Edison mengaku datang ke lokasi untuk memastikan pengambilan sampel sesuai dengan Keputusan Menteri Negara Lingkungan Hidup No 128 Tahun 2003. Pengambilan titik sampel, menurut Edison, merupakan kesepakatan bersama dengan tenaga ahli Chevron.
"Saya tidak pernah perintahkan di mana diambil sampel, mereka yang ambil sampel," kata Edison.

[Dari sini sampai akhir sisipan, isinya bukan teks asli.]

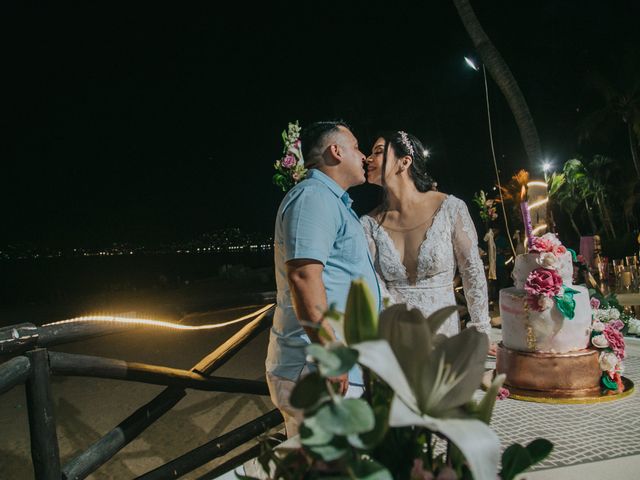 La boda de Omar y Elisa en Acapulco, Guerrero 46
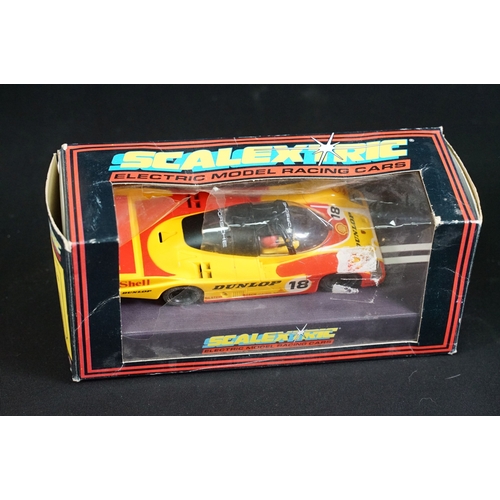 Collection of boxed Scalextric to include C880 Mighty Metro Racing Set ...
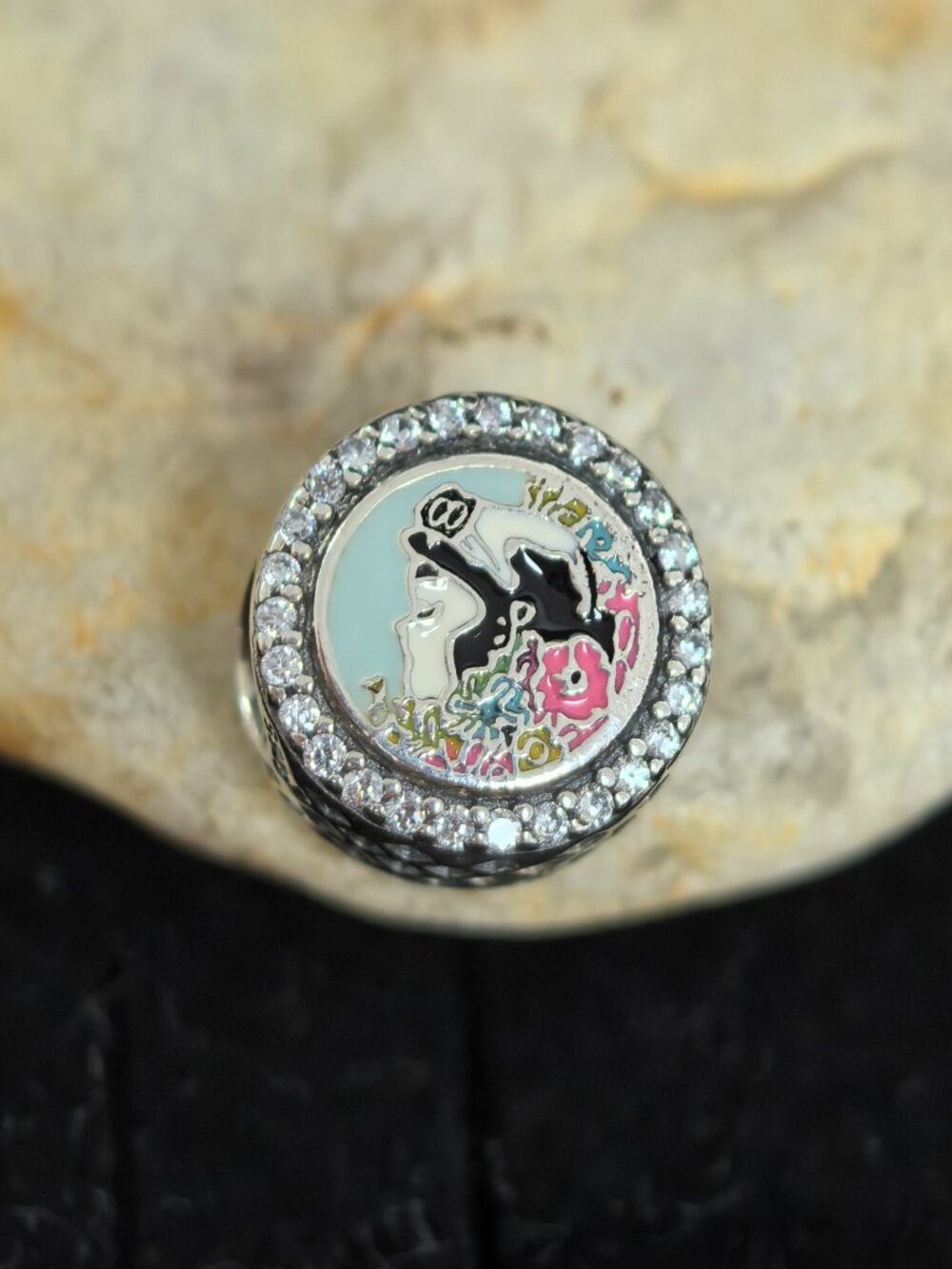 Pandora Disney EPCOT International Flower & Garden Festival 2023 Bead Charm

Edison juga mengaku mengeluarkan produk bakteri pemakan minyak yang ia pasarkan. Bakteri itu pernah ditawarkan ke Chevron, tetapi ia mengaku yang menawarkan adalah perusahaan tempat ia jadi konsultan, bukan dirinya. "Dipakai enggak bakteri itu?" tanya Sofialdi. "Itu bukan urusan saya. Saya hanya menawarkan ke perusahaan Adi Mitra, saya tak tahu dijual ke mana," jawab Edison.
Sofialdi juga mencecar keterlibatan ahli dalam tender di Chevron. "Saya tak pernah ikut tender atau menjadi kuasa perusahaan manapun dan tak pernah ikut tender. Kalau di akta, tak ada nama saya," kata Edison yang disambut suara gaduh ruangan sidang.

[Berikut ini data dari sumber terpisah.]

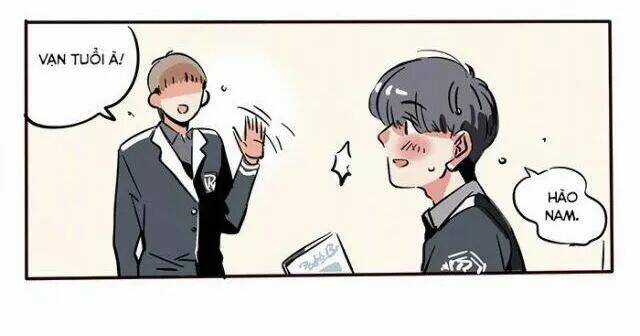 Mau Mang Anh Trai Tôi Đi Chapter 154 trang 12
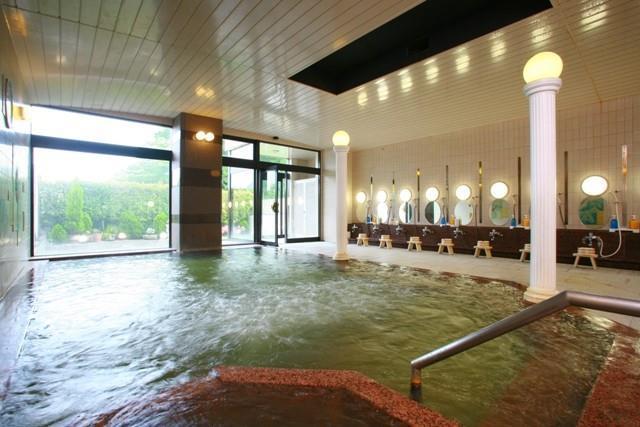 ホテル 秋保温泉　蘭亭 仙台市 設備 写真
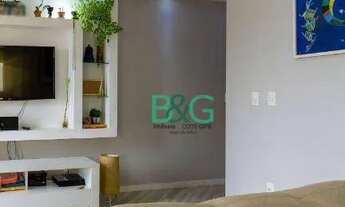 Imagem 7: Apartamento com 3 dormitórios à venda, 60 m² por R$ 426.000 - Vila Siqueira - São Paulo/SP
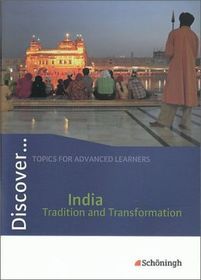 Discover: India - Tradition and Transformation Themenheft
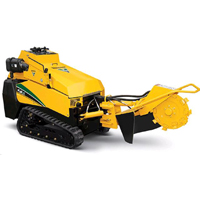 Vermeer SC40TX Stump Cutter - Rentalex Lawn Tools
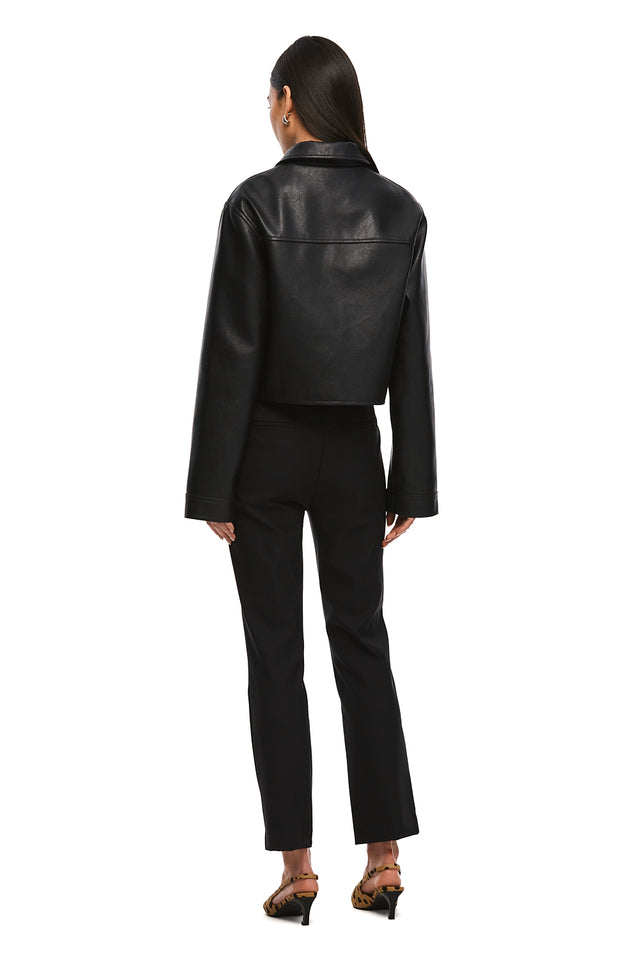 THE CELINE BLACK PANT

"Saya tanya bukan secara akta, pernah tidak ikut tender atau menjadi kuasa tender?" tanya Sofialdi dengan nada tinggi. "Saya tak pernah," jawab Edison.

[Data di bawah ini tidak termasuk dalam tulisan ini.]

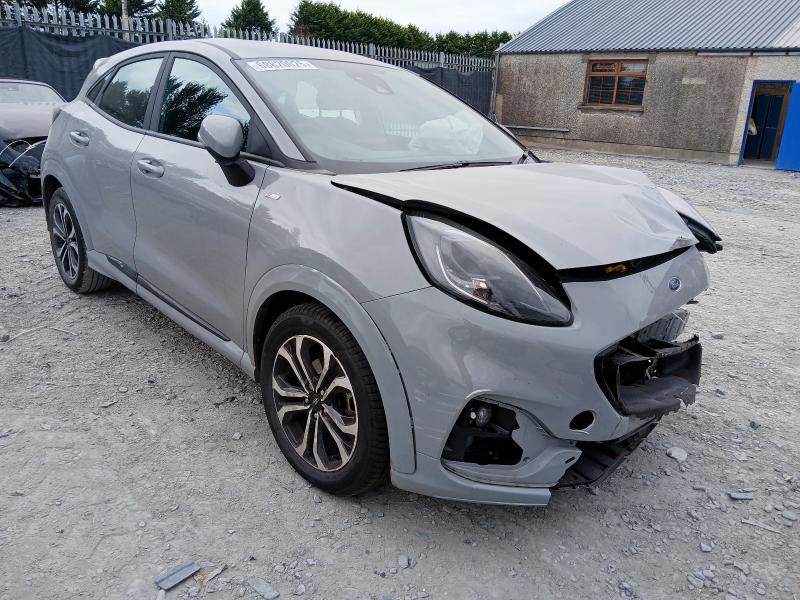 2024 FORD PUMA ST-LINE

Penasihat hukum Ricksy Prematuri, Najib Ali Gisymar, langsung menyambar pertanyaan terakhir hakim Sofialdi. "Akan kami tunjukkan kalau ahli ini mewakili perusahaan tertentu dan pernah ikut tender," kata Najib.
Suasana sidang makin gaduh. Sudharmawatiningsih memanggil semua pihak untuk mendekat ke majelis guna melihat bukti yang diajukan Najib. Bukti yang dipegang Najib menyatakan, Edison pernah mewakili perusahaan CV Putra Riau Kemari yang mengikuti tender di Chevron dan kalah.
"Bahwa, orang ini tadi mengatakan..." kata Najib yang langsung dipotong Ketua Hakim Sudharmawatinignsih, "Penasihat hukum, ini ahli."
"Baik, ahli ini tadi ngotot berani menyatakan tak pernah ikut tender. Atas tantangan anggota Majelis Hakim, kami tunjukkan Edison Effendi adalah wakil CV Putra Riau Kemari," kata Najib dengan nada tinggi.
Edison mencoba memberikan klarifikasi dengan mengatakan ia hadir di situ sebagai konsultan CV Putra Riau Kemari, bukan sebagai pengusaha. "Saya sebagai konsultan saya akui, tapi saya bukan sebagai pengusaha," kata Edison.
Sidang berlansung sengit, Najib mengkritisi berbagai pernyataan ahli yang dirasa tidak sama dengan yang termaktub dalam Kepmen LH No 128 Tahun 2003. "Kami ini buta karena tak menemukan di Kepmen ini, tolong dibukakan mata kami, di mana kami bisa membacanya?" kata Najib menanggapi soal perbedaan pernyataan ahli dengan ketentuan Kepmen 128.